If we do it this way, we free up those 24 data bits inside the longjump32 and longjump64 instructions. Should we use that to make them long BRANCH instructions instead? Or, should we leave this as implementation-dependent free space? I'm leaning towards the latter; one could imagine, for example, that JIT interpreter/compilers could use this to count how many times the jump is taken and to note whether or not the target has been compiled yet, and that ordinary compilers could use these to identify the jump target via a 'label' which would be an index into a table of at most 2^24 jump targets which is being maintained outside of the instruction stream (we could even make this 2^24 unique longjump target thing a standardized limitation of Oot; that's a limit of 16 MB count of jump targets; if each jump target corresponds to a 64-bit pointer, then it would take 16 MB x 8 = 128 MB bytes to store this table).
For example, the gcc executable on my system, /usr/bin/x86_64-linux-gnu-gcc-9, is currently 1.2M in size.
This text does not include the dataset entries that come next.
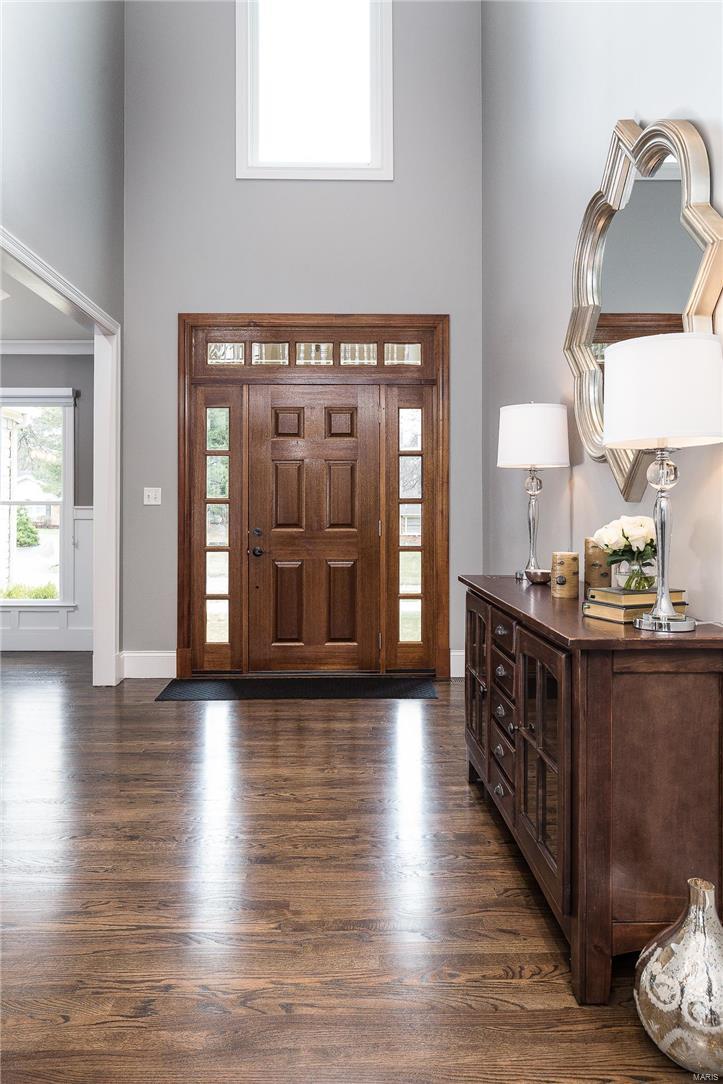 Bellecoeur 6 - Residential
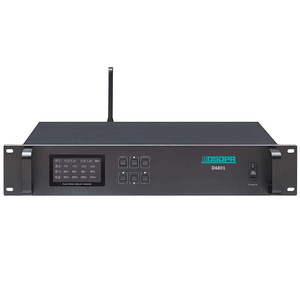 DSPPA Conference Microphone System Intelligent <strong>Discussion</strong> 2.4G Wireless Conference System - Product Image 2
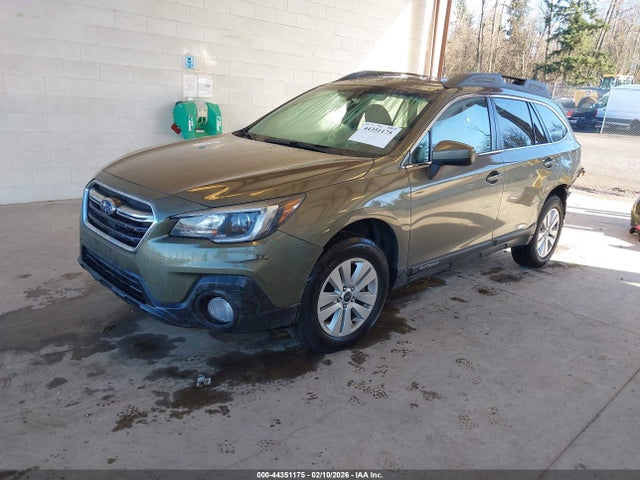 4S4BSAFC1K3290093 Subaru Outback 2.5i Premium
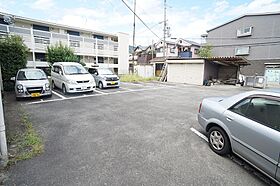 壱分マンション  ｜ 奈良県生駒市壱分町（賃貸マンション1K・2階・37.12㎡） その12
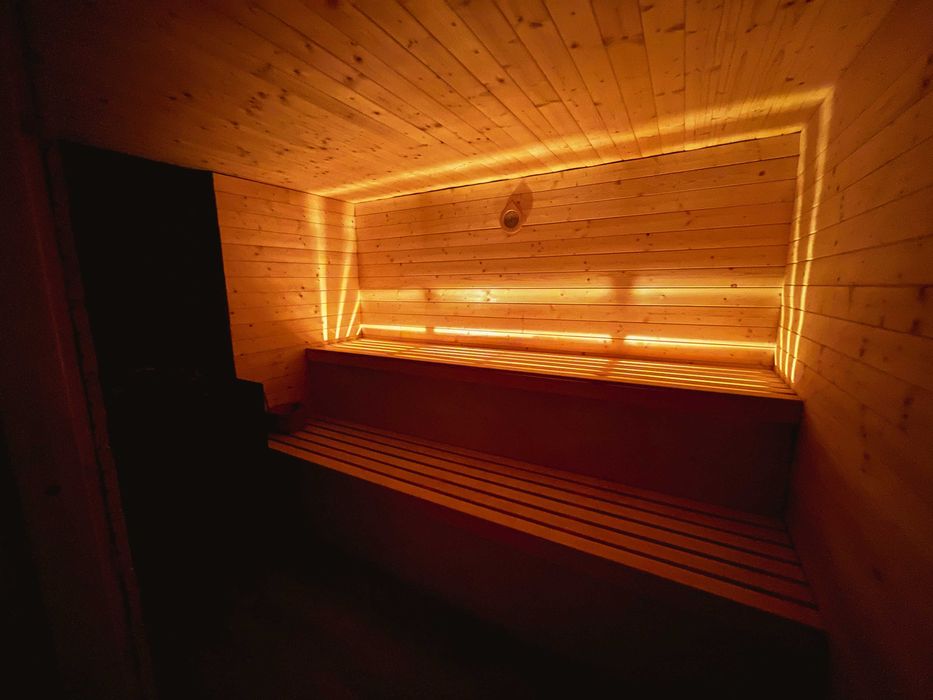 Good Night Noclegi & BSR.Lipowska Strefa relaksu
The Python executable, /usr/bin/python3.8, is 5.3M in size.
There are game executables that are larger than 128MB (e.g. https://www.reddit.com/r/pcgaming/comments/3ta7ur/whats_the_largest_game_exe_youve_ever_seen/ ), but i bet a lot of that size is embedded data, rather than code with unique jumps.
In LoVM? we could add instructions that refer to module jump tables and only provide the index into that table, and don't have following data.
---
i forgot why we had separate dual everything (which is why i was thinking of naming it 'bicycle') for integers and pointers?
was it so that we could standardize the integer bitwidth while leaving pointer bitwidth implementation-dependent?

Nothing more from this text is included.